I’ve read enough books and heard enough sermons over the last 30+ years to know that you can make the Bible say anything you want, as long as you read it according to your own rules. This is not what Martin Luther, Wycliffe and others had in mind when they put the Bible into the hands of the people, in their own language.

I’m not saying that the Holy Spirit can’t illuminate certain things for you, for certain occasions. What I am saying is that if you accept the authority of the Bible, anything you induce from (or perhaps more correctly, into) the Bible text is always subject to the balance of the Bible. There’s a reason that inductive Bible Studies and inductive preaching is so popular: it takes relatively little scholarship; that is, if you don’t subject your interpretation to the rest of the Bible.

Is inductive Bible study invalid? Not at all. But, we must be careful not to assign any kind of authority to our interpretation (except our own authority). What is invalid is using the Bible as a Rorschach blot, creating our own wild-eyed meanings and then blaming them on the Holy Spirit.

The issue of the authority of the Bible is really not that complex, but most people fail to understand it; in part, I think, because it means we must constantly surrender our own authority in its interpretation (and, as Americans, we just hate that).

I think of it like this: If God’s Word actually means something, if the Holy Spirit actually inspired the authors, then it’s worth a bit of work to properly understand what it means.

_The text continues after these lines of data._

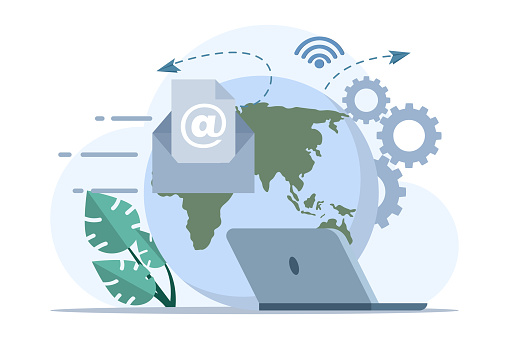 Global communication network Connection Concept. computer world map point delivered for global business. expand business networks globally and widely. Flat Vector Illustration on white background.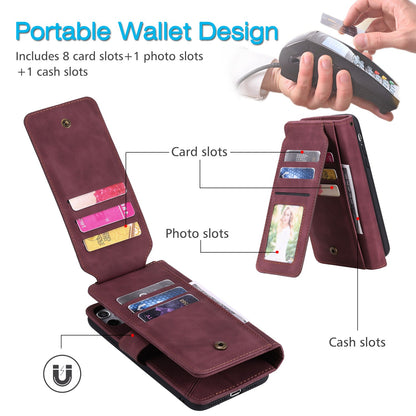 For iPhone 13 Pro 6.1 inch Drop Resistant Imprinted PU Leather Stand Cover with Multiple Card Slots and Cash Pocket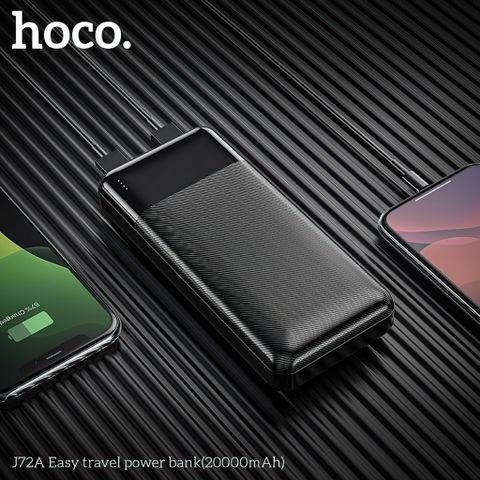 Pin Sạc Dự Phòng Hoco J72A 20000mAh - Sạc Nhanh Micro-USB/Type-C, Đầu Ra USB 2A Kép, Đèn Báo LED, Tiện Lợi Cho Smartphone và Tablet
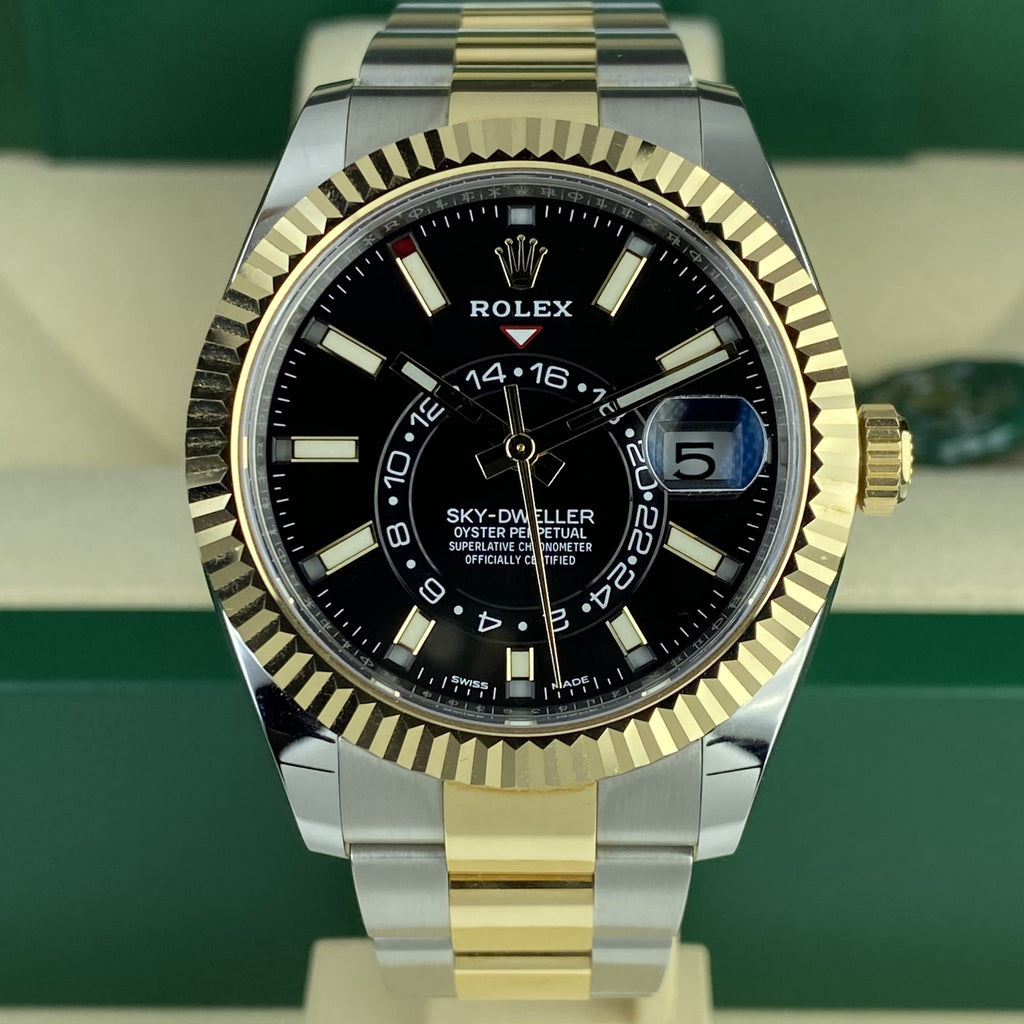 2019 Rolex Sky Dweller  326933 2 Tone 18K Black Dial UNWRON Box & Card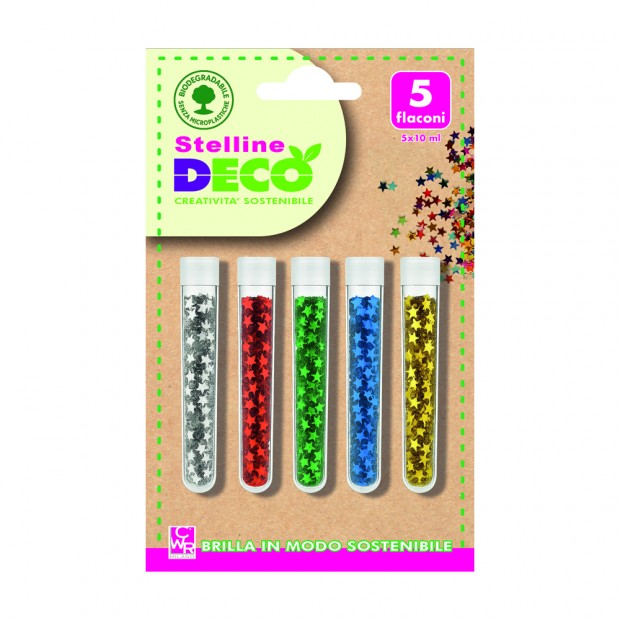 STELLINE BIO GLITTER 5 FLACONI ML10 - ASSORTITI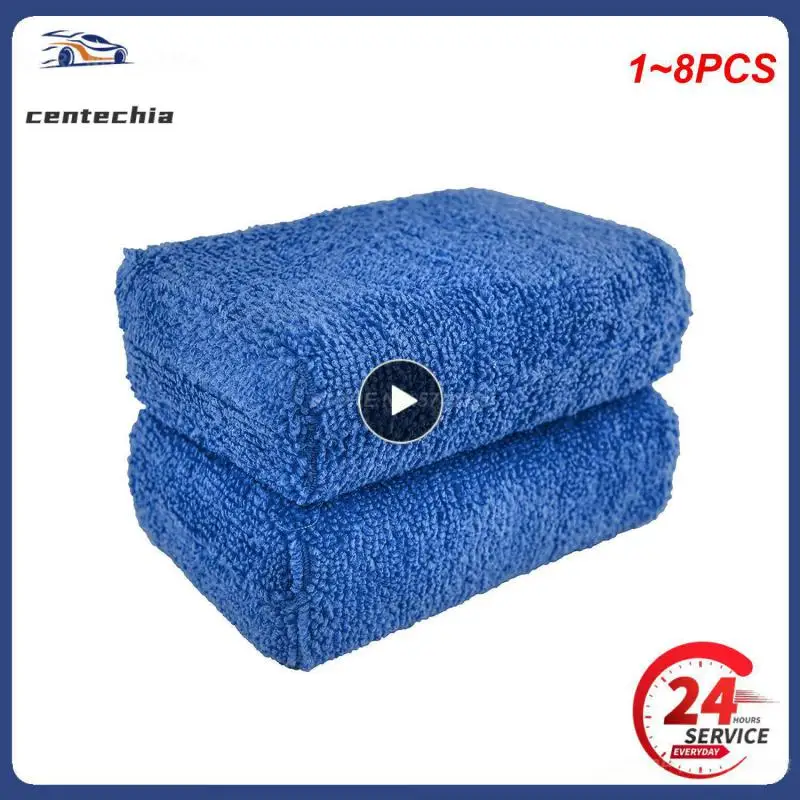 

1~8PCS Premium Grade Microfiber Applicators Sponges, Cloths, Blue (Pack of 8) 12*8*4cm Car Care Microfibre Wax Polishing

If, however, it’s something that I can project meaning into like a Rorschach test (even with the help of the Holy Spirit), then we’d be nearly as well off reading the Oxford Dictionary (again, the issue of authority – Oxford, or Webster?).

If the Bible does indeed have “authority,” which I believe that it does, then it’s authority comes from God, and His intent. I believe that there is a meta-narrative, an over-arching, all-encompassing story that serves as the only true context for interpreting Scripture. To read the Bible as an inkblot, or to render our own isolated interpretations based on whatever, is actually to take a postmodernist approach, where we decide our own truth.

It may actually be that our personalized interpretations of Scripture act as Rorschach tests, and reveal more about ourselves that it does about God.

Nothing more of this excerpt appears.